> _Exercise objective_
Go through the data that follows and restate each line exactly as it reads.

> _Dataset content_
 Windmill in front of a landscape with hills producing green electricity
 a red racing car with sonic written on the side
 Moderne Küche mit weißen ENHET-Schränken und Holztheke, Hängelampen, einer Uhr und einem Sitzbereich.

> _Output of the task_
 Windmill in front of a landscape with hills producing green electricity
 a red racing car with sonic written on the side
 Moderne Küche mit weißen ENHET-Schränken und Holztheke, Hängelampen, einer Uhr und einem Sitzbereich.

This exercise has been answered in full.